Tamanha extinção não foi ocasionada diretamente pelo impacto do meteoro, como explica o professor Crósta, mas pelas consequências dele. “Depois do choque, foi gerada uma densa nuvem de CO2 [dióxido de carbono], que é um gás causador de efeito estufa e que tomou conta da atmosfera terrestre. Isso provavelmente provocou um quadro de aquecimento global intenso, gerando, entre outros efeitos, a quebra das cadeias alimentares e o consequente desaparecimento de diversas espécies animais e vegetais”, pormenoriza. A partir daí, diz o docente do IG, que também responde pela Coordenadoria Geral da Unicamp, novos paradigmas foram estabelecidos para explicar a evolução da superfície do nosso planeta e passou-se a buscar evidência de eventos semelhantes no mundo inteiro.
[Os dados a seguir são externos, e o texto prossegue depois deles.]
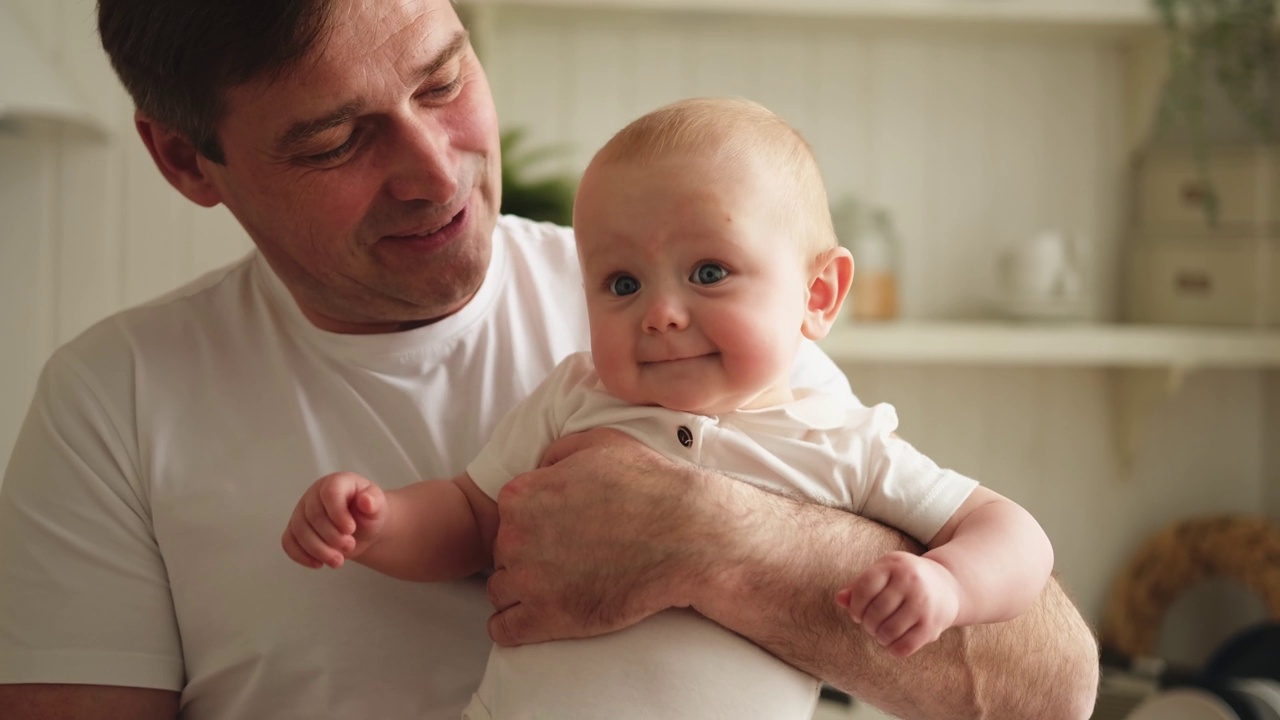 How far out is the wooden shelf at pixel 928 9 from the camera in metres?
2.44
Existem regiões da Terra nas quais as crateras de impacto foram amplamente investigadas. Os resultados dessas pesquisas têm servido, mais recentemente, para analisar a evolução de muitos outros corpos planetários, propiciando um grande salto nas ciências planetárias. No Brasil, porém, as crateras ainda são pouco conhecidas. “Ainda carecemos de estudos que possam relacionar estruturas geológicas a processos de impacto meteorítico”, pontua o professor Crósta.  De acordo com ele, é possível que existam muitas crateras de impactos no Brasil que ainda são desconhecidas.

Por hipótese, elas podem estar camufladas por coberturas vegetais ou mesmo sob a superfície terrestre. “O trabalho do Marcos Vasconcelos também é importante por isso, pois os métodos geofísicos empregados por ele permitem que olhemos também abaixo da superfície, buscando crateras que foram soterradas por processos de sedimentação posteriores”, diz o orientador do trabalho. Segundo ele, o Prêmio Capes de Teses obtido pela pesquisa é o resultado tanto das conclusões do trabalho quanto da introdução de novas metodologias para a identificação das crateras de impacto meteorítico.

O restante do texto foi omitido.